== Stored data ==

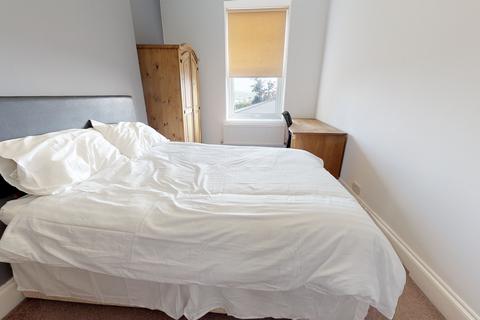 5 bedroom apartment to rent, 4B North Friary House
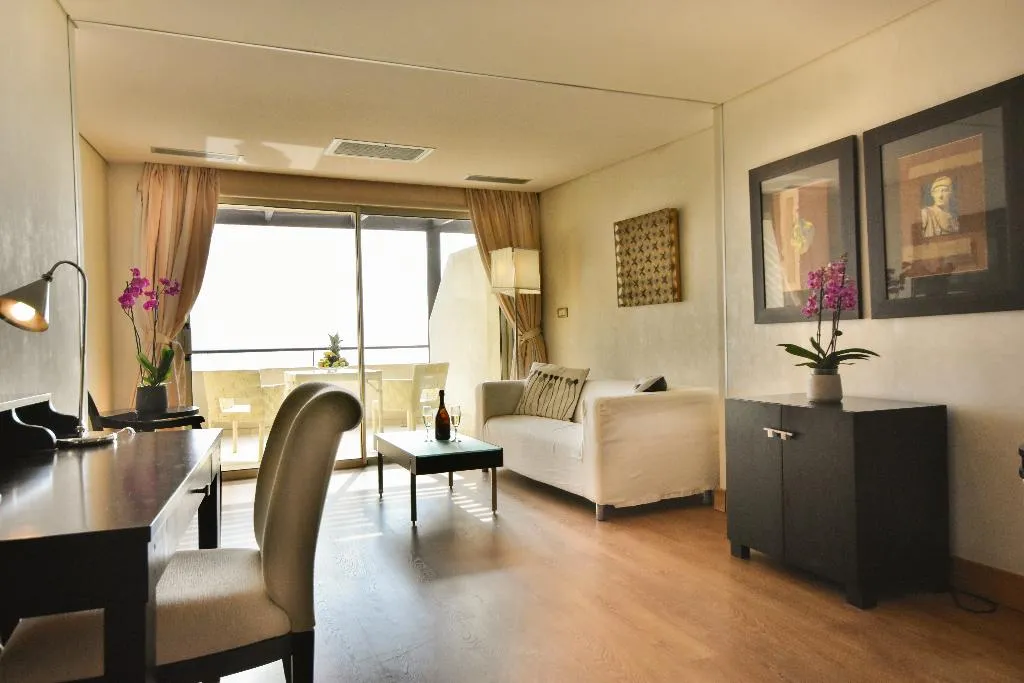TRIPLE SEA VIEW Room, Plaza Resort Hotel, Athens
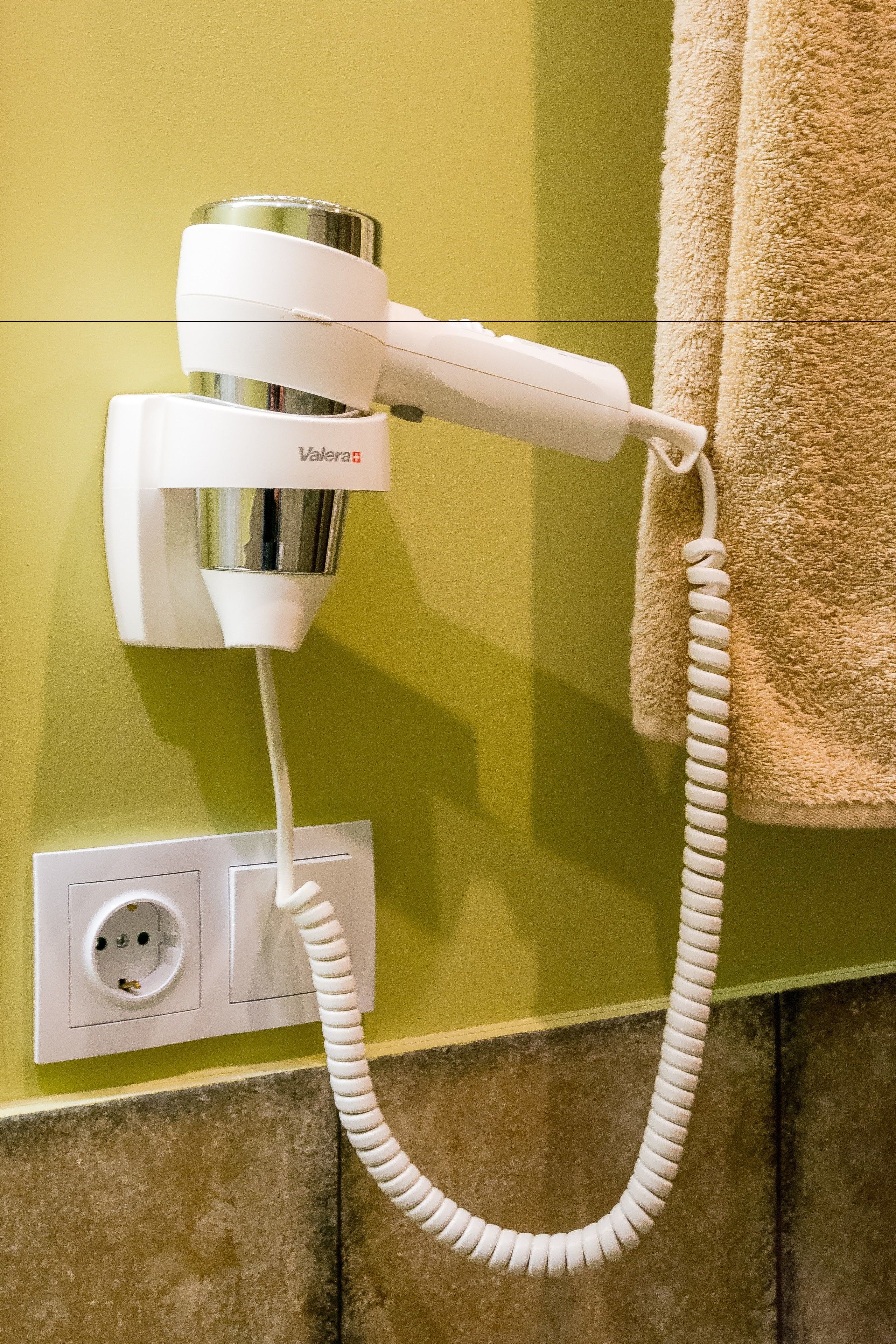 apartment | bathroom amenities | shower, hair dryer, towels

===

| Exercise |
Print the whole listing above exactly, and keep every picture out of the copy.

| Finished exercise |
 5 bedroom apartment to rent, 4B North Friary House
TRIPLE SEA VIEW Room, Plaza Resort Hotel, Athens
 apartment | bathroom amenities | shower, hair dryer, towels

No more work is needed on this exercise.